Action item » Within the entries below, output exactly the lines between the line containing "GLOSSY Women Embellished" and the line containing "Kitchen Island Photo", inclusive, and omit any picture.

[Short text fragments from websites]
* * * * * * * * *
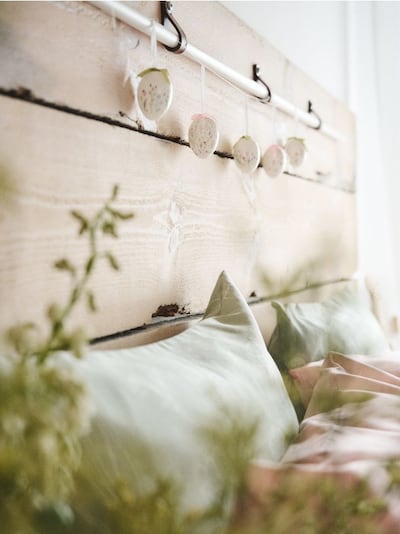 Комплект висящи великденски декорации във формата на яйца с цветен мотив 6 pack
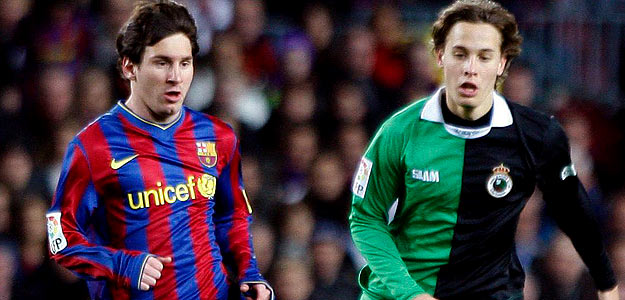 El delantero argentino del FC Barcelona, Leo Messi, conduce el bal&oacute;n ante la presi&oacute;n del jugador del Racing Sergio Canales.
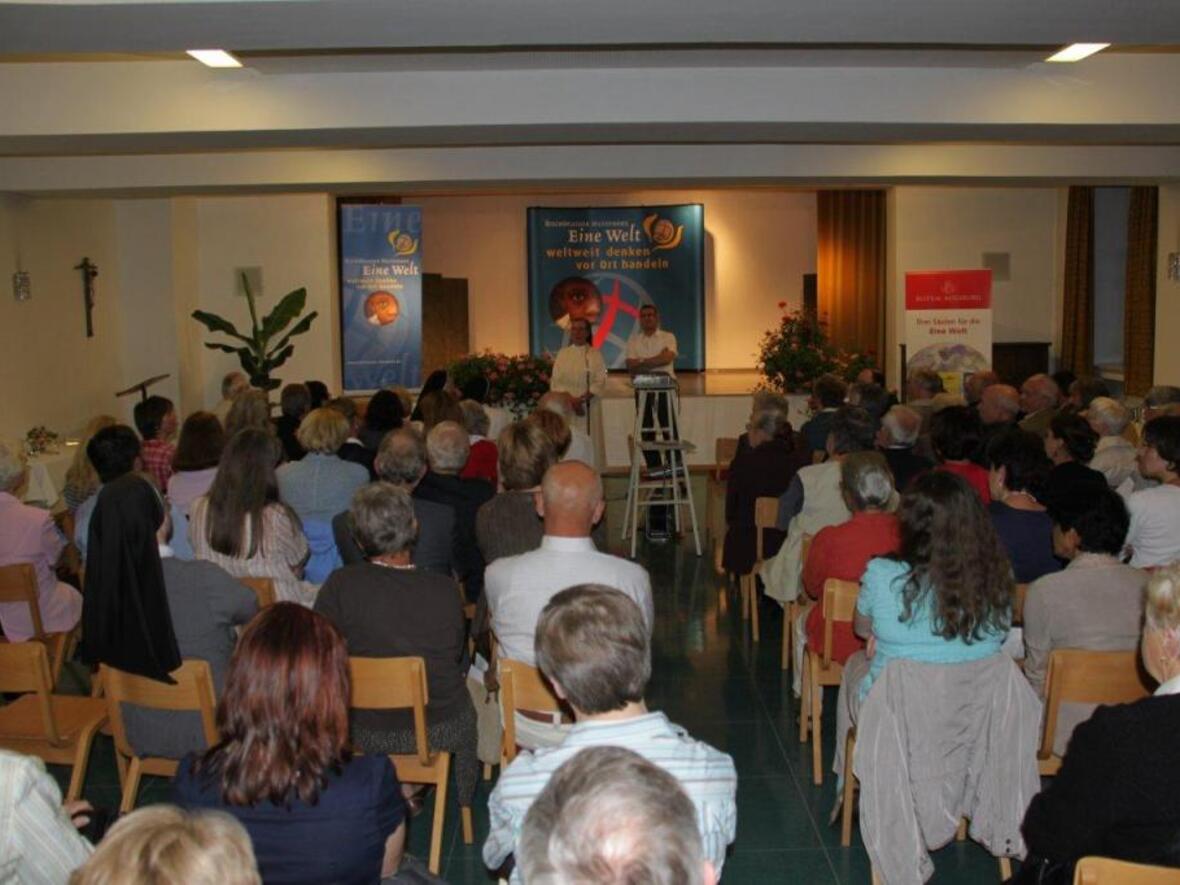 Gut 100 interessierte Besucher folgten dem Bericht von Schwester Michael Kohler.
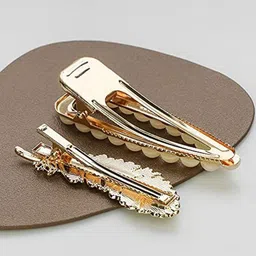 GLOSSY Women Embellished Hair Accessory Set of image 2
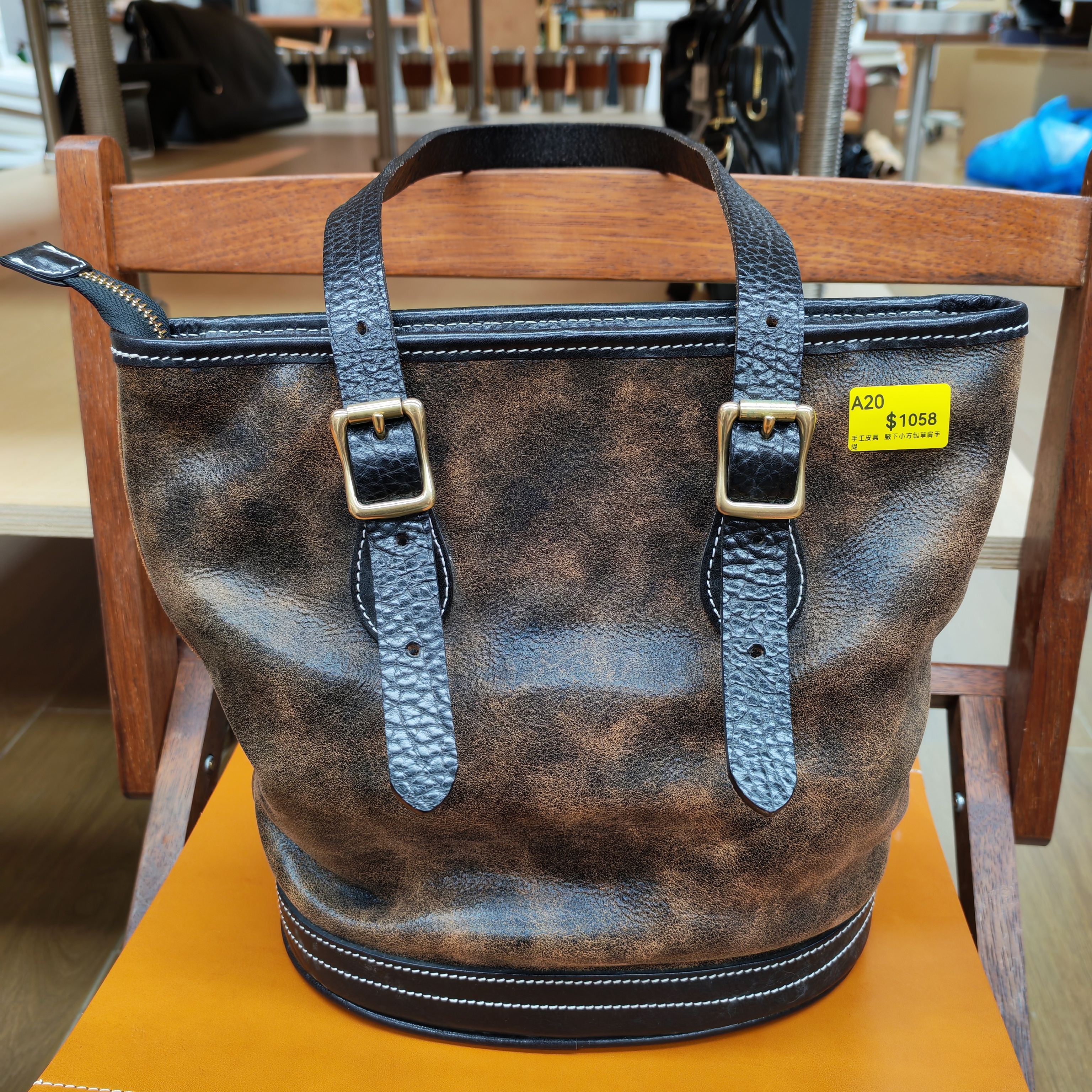 0417g20-GZday4-皮革-手工皮具 腋下小方包單肩手提(A20)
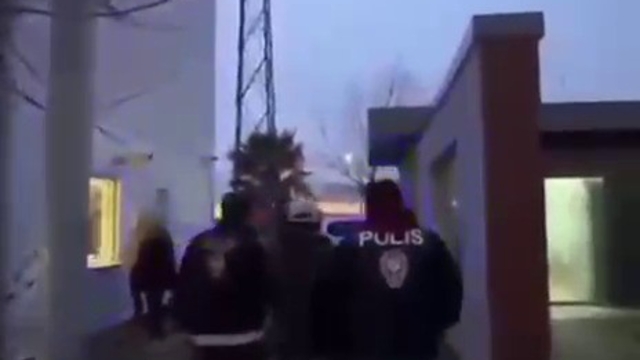 Bursa'da 21 yıl 11 ay hapis cezası bulunan firari yakalandı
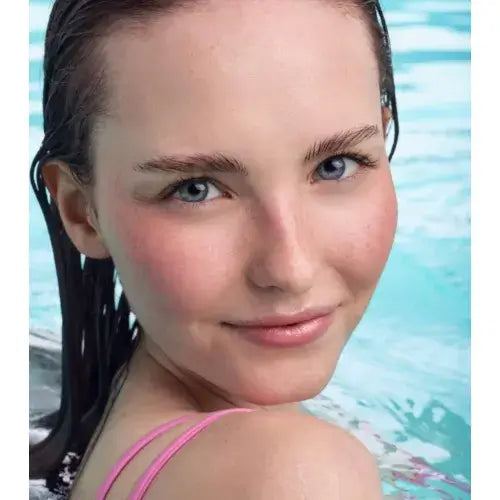 The Little Mermaid - Liquid Blush Serum 01: A Splash Of Romance | Essence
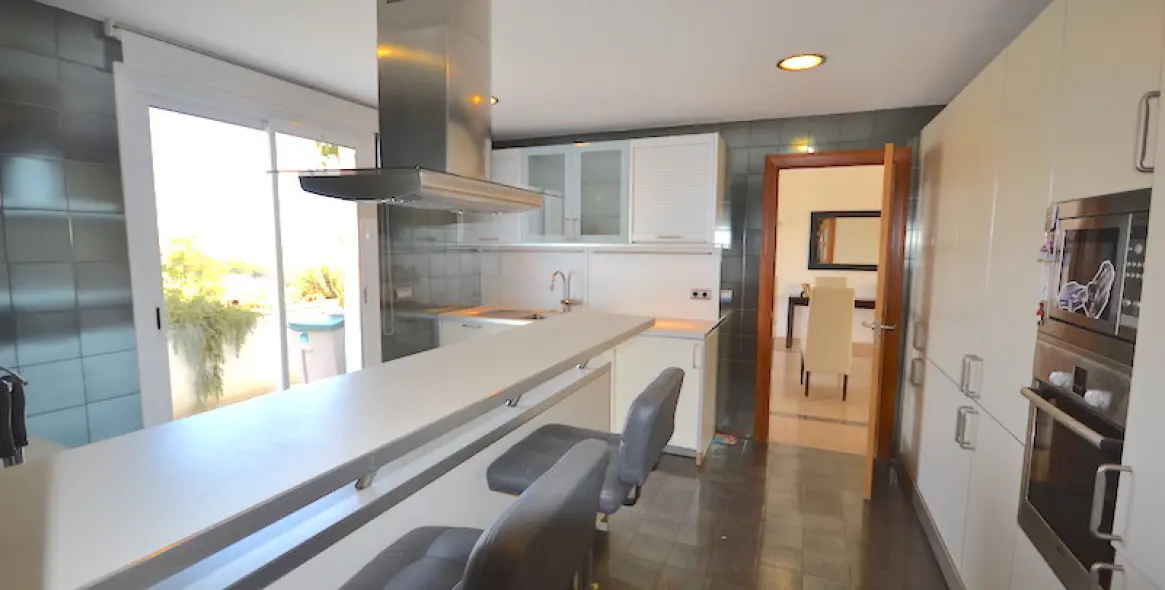 Short-term rent of penthouse in Puerto Banús 6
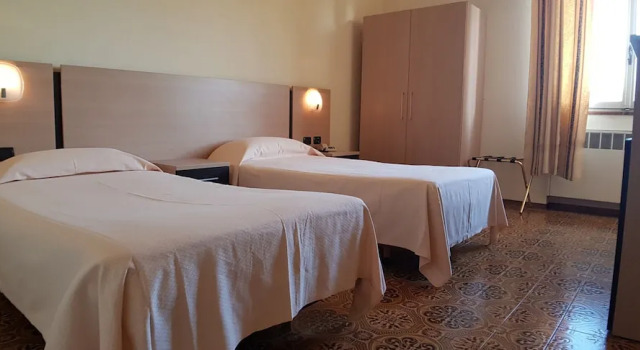Семейный номер Standard Hotel Terme di Castel San Pietro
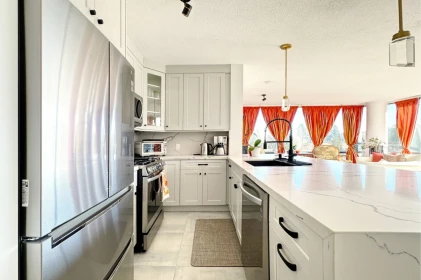 Kitchen Island Photo of 1102 110 Brew Street, Port Moody, BC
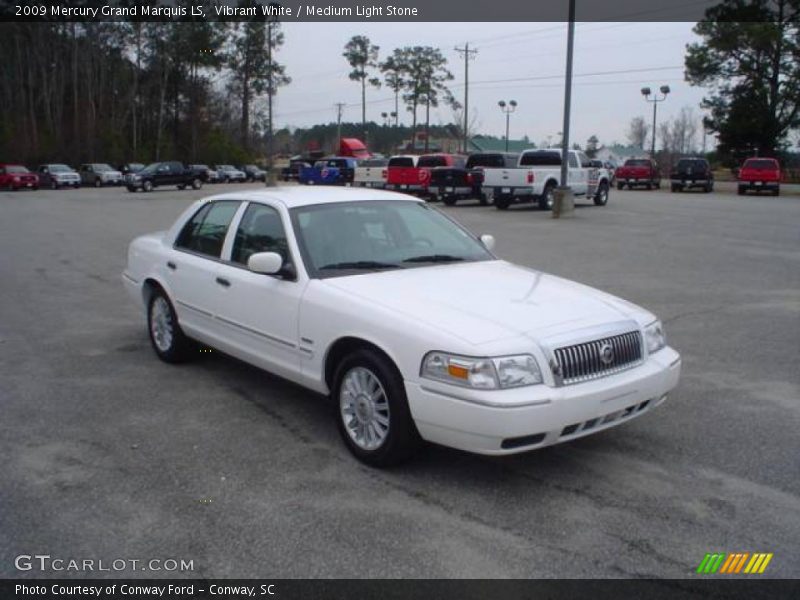 Vibrant White / Medium Light Stone 2009 Mercury Grand Marquis LS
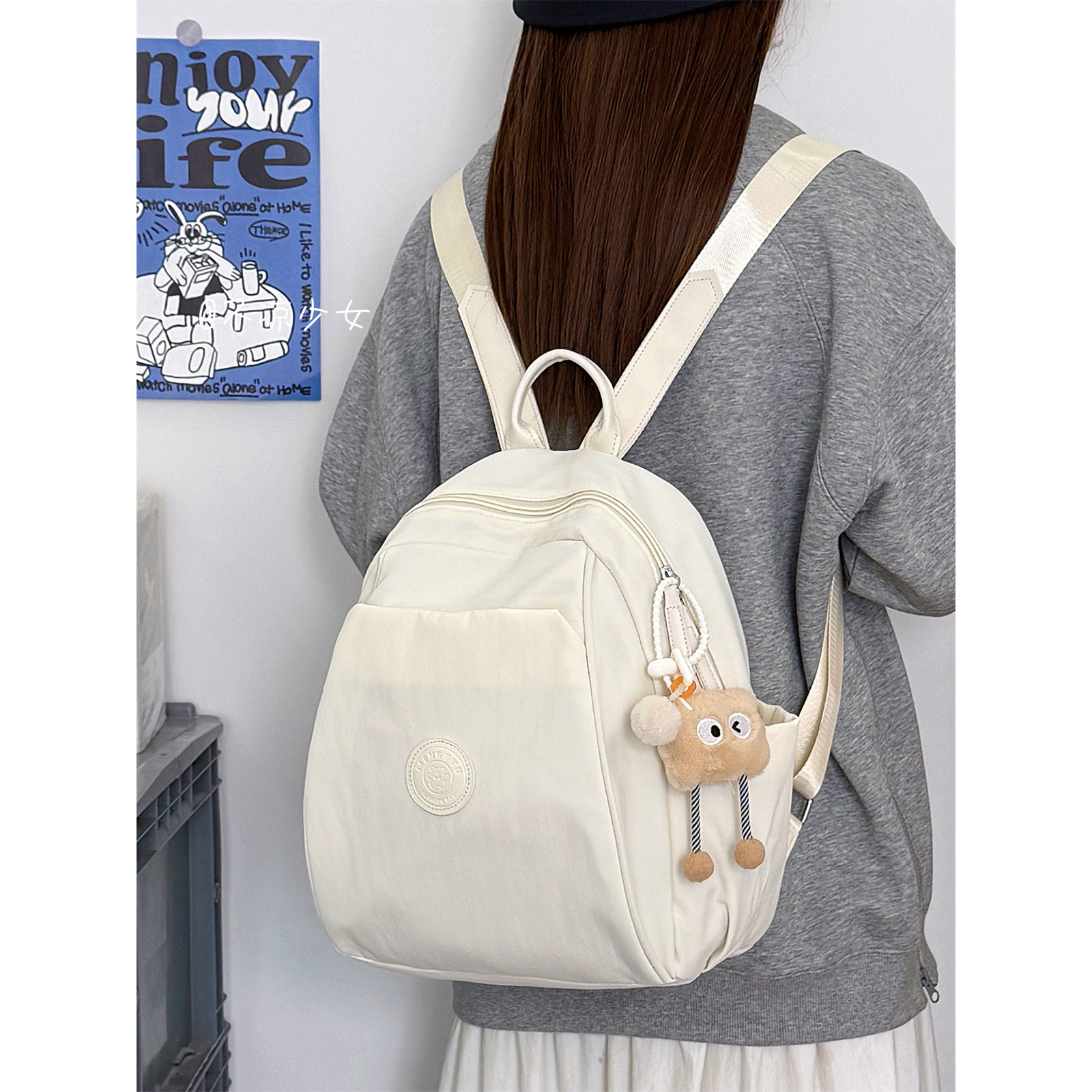 纯色轻便通勤书包女学生小众百搭防水双肩包少女户外旅行登山背包,淘宝优惠券,粉丝福利购,淘宝优惠卷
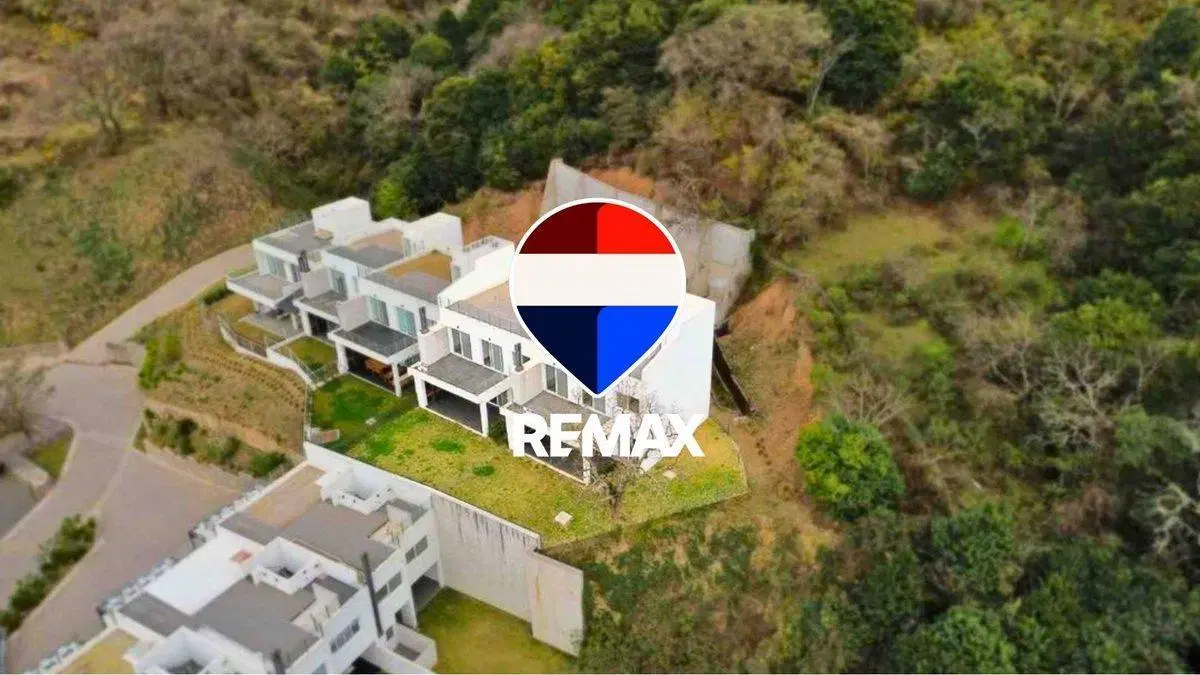 DUPLEX DE 2 DORMITORIOS EN VENTA EN SAN LORENZO 2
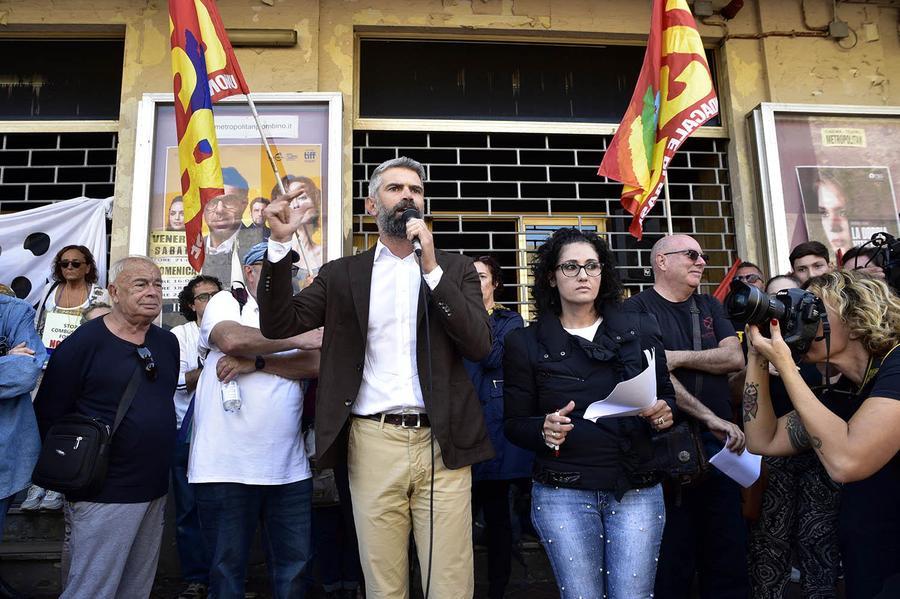 
	Francesco Ferrari, sindaco di Piombino, in piazza per dire no al rigassificatore con i manifestanti

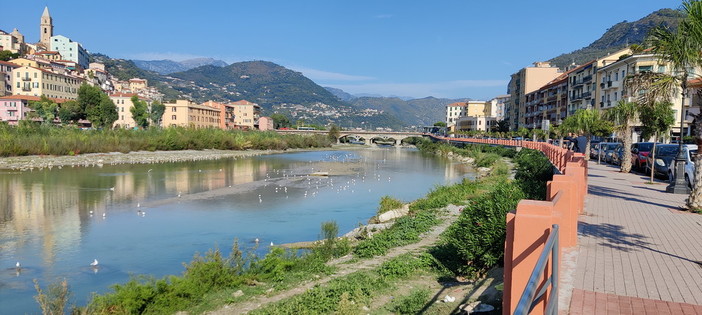 Ventimiglia: rimozione auto dal Roya, interrogazione di Ioculano. Giampedrone &quot;Manca la documentazione dal Comune&quot;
* * * * * * * * *
Output for this task »
 GLOSSY Women Embellished Hair Accessory Set of image 2
 0417g20-GZday4-皮革-手工皮具 腋下小方包單肩手提(A20)
 Bursa'da 21 yıl 11 ay hapis cezası bulunan firari yakalandı
 The Little Mermaid - Liquid Blush Serum 01: A Splash Of Romance | Essence
 Short-term rent of penthouse in Puerto Banús 6
Семейный номер Standard Hotel Terme di Castel San Pietro
 Kitchen Island Photo of 1102 110 Brew Street, Port Moody, BC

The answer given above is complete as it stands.